Subwidgets used in both modes

Name: Button, ED_Button, RO_Button
Class: Label

This Label is used to trigger the Popup Listbox, and by default displays a bitmap of a filled triangle that points downward. This subwidget only supports Label options.

Name: Popup
Class: Toplevel

This widget contains the Listbox subwidget that displays one or more entries that can be selected for the JComboBox. This is mostly used a container (and an additional way of configuring the Listbox dimensions).

Name: Listbox
Class: Listbox

Used to contain one or more entries, one of which can be selected and displayed within the Box subwidget.

OPTIONS ^

JComboBox supports a long list of options, so to try and break them up a bit I've grouped them in sections. The Basic section contains options that implement or override standard Tk options. or deal with simple things such as colors. The Callback section contains all the options that can have configured Callbacks. The Miscellaneous section contains options that are unique to this widget. These options provide complex functionality that can alter look and feel or provide for initialization shortcuts.

Basic options

Name: background
Class: Background
Switch: -background/-bg

Specifies the normal background color to use when displaying the widget. This color will be applied to all internal widgets as well. For fine-tuned configuration of subwidgets, refer to the -subwidgets option.

Switch: -bitmap

Specifies a bitmap to display in the Button subwidget.
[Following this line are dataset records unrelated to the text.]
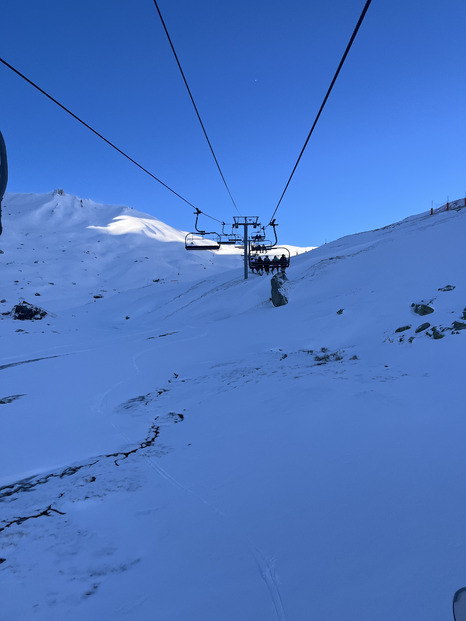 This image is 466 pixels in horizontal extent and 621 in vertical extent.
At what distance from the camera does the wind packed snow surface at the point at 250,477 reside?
2383mm

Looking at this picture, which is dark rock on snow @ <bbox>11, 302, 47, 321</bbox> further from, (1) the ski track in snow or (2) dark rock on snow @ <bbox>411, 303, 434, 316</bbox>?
(2) dark rock on snow @ <bbox>411, 303, 434, 316</bbox>

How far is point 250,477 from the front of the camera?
12.8 feet

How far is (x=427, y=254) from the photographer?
53.9 feet

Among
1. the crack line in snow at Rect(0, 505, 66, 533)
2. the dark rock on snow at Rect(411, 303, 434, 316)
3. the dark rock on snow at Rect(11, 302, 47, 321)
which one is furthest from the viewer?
the dark rock on snow at Rect(11, 302, 47, 321)

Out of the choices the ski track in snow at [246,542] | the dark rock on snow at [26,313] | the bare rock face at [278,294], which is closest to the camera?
the ski track in snow at [246,542]

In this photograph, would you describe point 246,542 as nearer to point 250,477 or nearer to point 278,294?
point 250,477

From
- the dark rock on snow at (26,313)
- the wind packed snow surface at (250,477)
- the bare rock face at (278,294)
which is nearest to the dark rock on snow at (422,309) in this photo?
the wind packed snow surface at (250,477)

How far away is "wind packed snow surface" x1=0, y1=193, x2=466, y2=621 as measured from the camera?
2383 mm

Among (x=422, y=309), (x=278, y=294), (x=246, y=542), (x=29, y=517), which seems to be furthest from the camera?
(x=278, y=294)

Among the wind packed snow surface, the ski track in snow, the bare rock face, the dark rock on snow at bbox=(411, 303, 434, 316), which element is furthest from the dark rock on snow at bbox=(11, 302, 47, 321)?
the dark rock on snow at bbox=(411, 303, 434, 316)

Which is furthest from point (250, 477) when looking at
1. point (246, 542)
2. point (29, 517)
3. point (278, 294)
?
point (278, 294)

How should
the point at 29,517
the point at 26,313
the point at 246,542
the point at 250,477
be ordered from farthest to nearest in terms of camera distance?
the point at 26,313 < the point at 250,477 < the point at 29,517 < the point at 246,542

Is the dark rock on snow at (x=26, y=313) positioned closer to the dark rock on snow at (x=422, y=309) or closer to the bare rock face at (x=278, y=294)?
the bare rock face at (x=278, y=294)

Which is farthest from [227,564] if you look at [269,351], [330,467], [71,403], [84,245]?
[84,245] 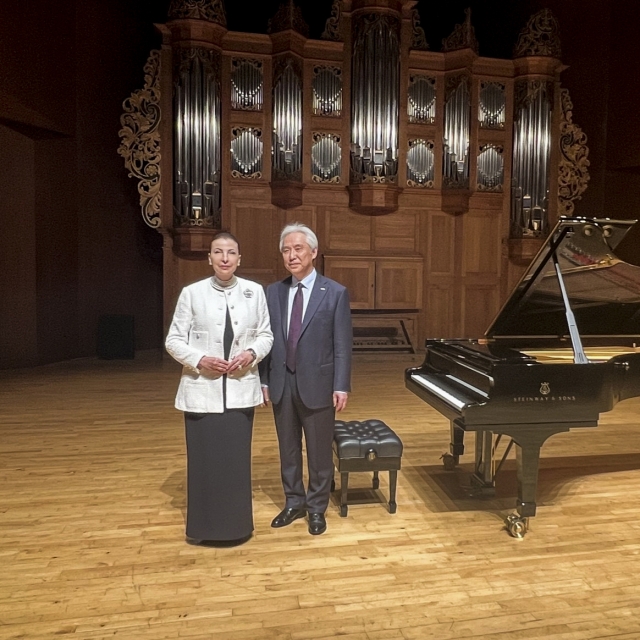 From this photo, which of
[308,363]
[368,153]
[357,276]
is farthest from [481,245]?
[308,363]

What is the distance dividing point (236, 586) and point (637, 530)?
1.98 m

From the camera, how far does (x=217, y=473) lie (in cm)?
278

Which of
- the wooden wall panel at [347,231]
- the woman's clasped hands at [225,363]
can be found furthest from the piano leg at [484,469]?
the wooden wall panel at [347,231]

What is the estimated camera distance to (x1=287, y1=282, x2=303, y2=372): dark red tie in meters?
2.94

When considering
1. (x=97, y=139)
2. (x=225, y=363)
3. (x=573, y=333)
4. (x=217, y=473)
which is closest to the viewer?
(x=225, y=363)

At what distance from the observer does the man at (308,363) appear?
2916 millimetres

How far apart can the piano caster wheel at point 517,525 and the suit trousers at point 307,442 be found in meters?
0.88

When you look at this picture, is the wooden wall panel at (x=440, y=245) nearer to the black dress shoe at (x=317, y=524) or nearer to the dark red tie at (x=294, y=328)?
the dark red tie at (x=294, y=328)

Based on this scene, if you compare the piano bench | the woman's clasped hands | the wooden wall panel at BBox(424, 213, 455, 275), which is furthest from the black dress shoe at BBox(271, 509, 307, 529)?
the wooden wall panel at BBox(424, 213, 455, 275)

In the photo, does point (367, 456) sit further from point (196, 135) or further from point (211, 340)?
point (196, 135)

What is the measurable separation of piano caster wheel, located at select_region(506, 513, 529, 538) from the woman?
125 cm

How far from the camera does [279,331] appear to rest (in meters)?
2.97

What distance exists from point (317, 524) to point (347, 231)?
19.7 ft

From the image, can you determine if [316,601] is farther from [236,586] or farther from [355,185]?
[355,185] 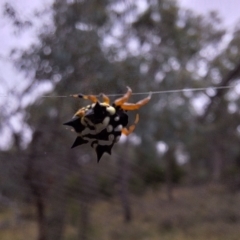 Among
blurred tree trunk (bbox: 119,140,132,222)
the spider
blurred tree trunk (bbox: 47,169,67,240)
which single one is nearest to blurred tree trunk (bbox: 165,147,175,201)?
blurred tree trunk (bbox: 119,140,132,222)

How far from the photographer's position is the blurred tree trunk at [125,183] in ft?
32.6

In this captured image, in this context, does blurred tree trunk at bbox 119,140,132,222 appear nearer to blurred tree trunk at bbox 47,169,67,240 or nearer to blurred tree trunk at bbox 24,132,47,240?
blurred tree trunk at bbox 47,169,67,240

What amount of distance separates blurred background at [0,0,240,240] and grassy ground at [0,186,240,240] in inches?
1.1

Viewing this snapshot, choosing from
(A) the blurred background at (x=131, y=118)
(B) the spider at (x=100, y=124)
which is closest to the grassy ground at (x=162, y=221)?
(A) the blurred background at (x=131, y=118)

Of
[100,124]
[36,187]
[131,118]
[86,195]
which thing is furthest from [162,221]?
[100,124]

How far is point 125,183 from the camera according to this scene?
34.2 ft

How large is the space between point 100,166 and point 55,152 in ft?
5.15

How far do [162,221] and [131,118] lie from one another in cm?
703

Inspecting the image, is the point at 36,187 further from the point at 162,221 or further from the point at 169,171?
the point at 169,171

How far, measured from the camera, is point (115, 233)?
10.4 m

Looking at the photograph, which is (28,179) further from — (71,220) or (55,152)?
(71,220)

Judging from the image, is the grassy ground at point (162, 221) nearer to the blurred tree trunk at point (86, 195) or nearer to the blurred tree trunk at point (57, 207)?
the blurred tree trunk at point (86, 195)

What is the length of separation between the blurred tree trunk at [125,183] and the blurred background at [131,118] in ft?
0.09

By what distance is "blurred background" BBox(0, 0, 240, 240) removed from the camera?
19.5 ft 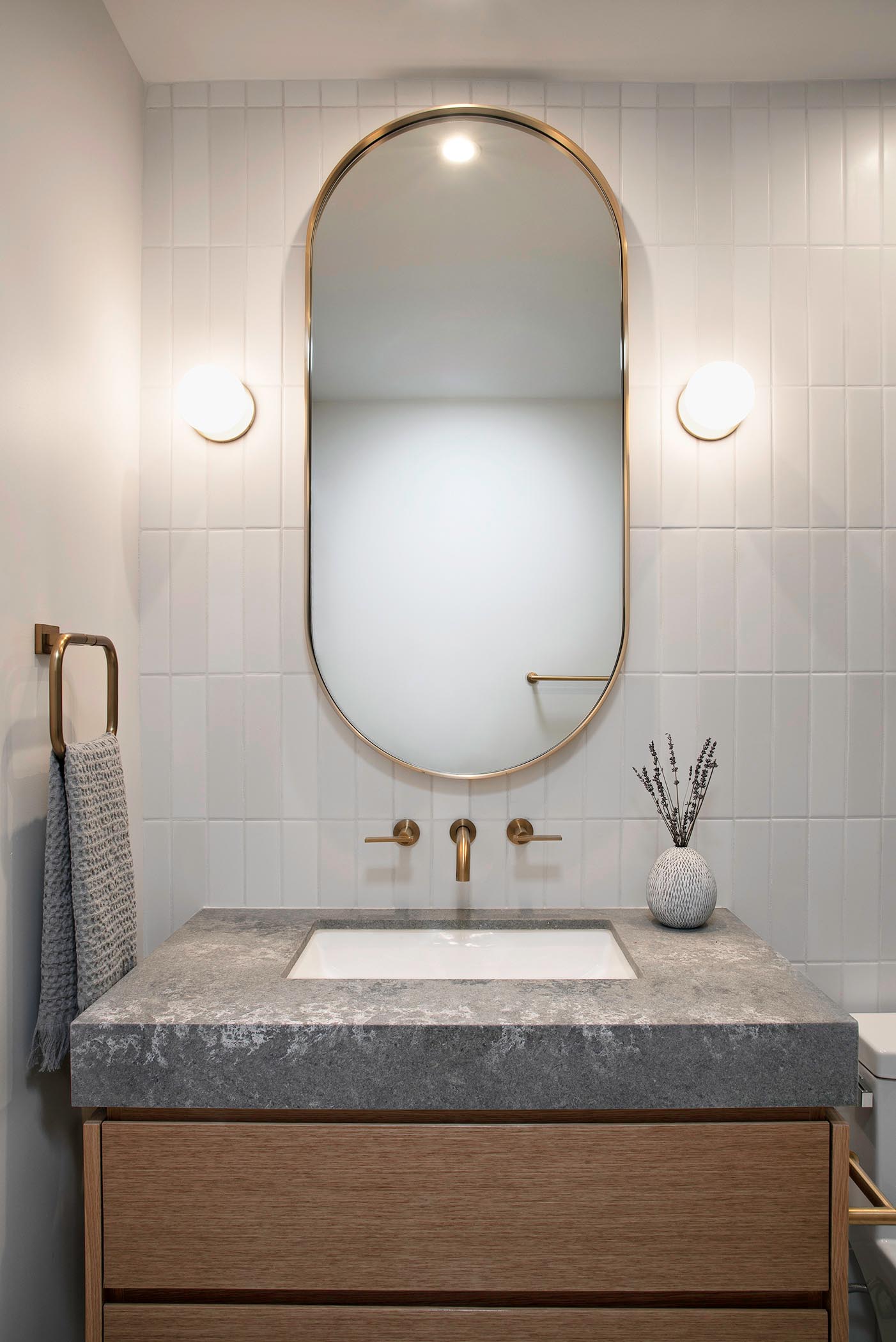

Defaults to a filled,downward pointing triangle.

Name: borderwidth
Class: BorderWidth
Switch: -borderwidth

Specifies a non-negative value indicated the width of the of the 3-D border to draw around the outside of the widget.

Name: cursor
Class: Cursor
Switch: -cursor

Specifies the mouse cursor to be used for the widget. This cursor will be applied to all internal widgets as well.

Switch: -disabledbackground

Specifies the background color to display when the JComboBox state is set to disabled. This option currently only affects the Entry subwidget, while in editable mode.

Switch: -disabledforeground

Specifies the foreground color to display when the JComboBox state is set to disabled. This option affects both the Entry and Button subwidgets in either mode.

Switch: -entrybackground

Specifies the background color used in one or more subwidgets depending on the mode. In both modes, the color is applied to the Entry and Listbox subwidgets. In readonly mode, the background is also applied to the Button subwidget.

Name: entryWidth
Class: EntryWidth
Switch: -entrywidth

Specifies a value to use for sizing the width of the Entry subwidget. The specified value can fall in one of three categories. If a value greater than 0 is specified, then the Entry will use that width regardless of the contents of the Listbox, or values set to the Listbox. If the value is set to 0, then the Entry will be sized large enough to hold its current text. If set to -1, the Entry will be sized to the longest item currently contained within the Listbox. The value defaults to -1, which works well for when the JComboBox contains a fairly static list. Otherwise, a value greater than 0 is recommended.

Name: font
Class: Font
Switch: -font

Specifies the font to use when drawing text inside the widget. This font will be applied to internal widgets that can display a font.

Name: foreground
Class: Foreground
Switch: -foreground

Specifies the foreground color to use for the Entry and Listbox subwidget in either mode.

Name: gap
Class: Gap
Switch: -gap

Specifies the number of spaces (in characters) between the Entry and the Button subwidgets. Default value is 0.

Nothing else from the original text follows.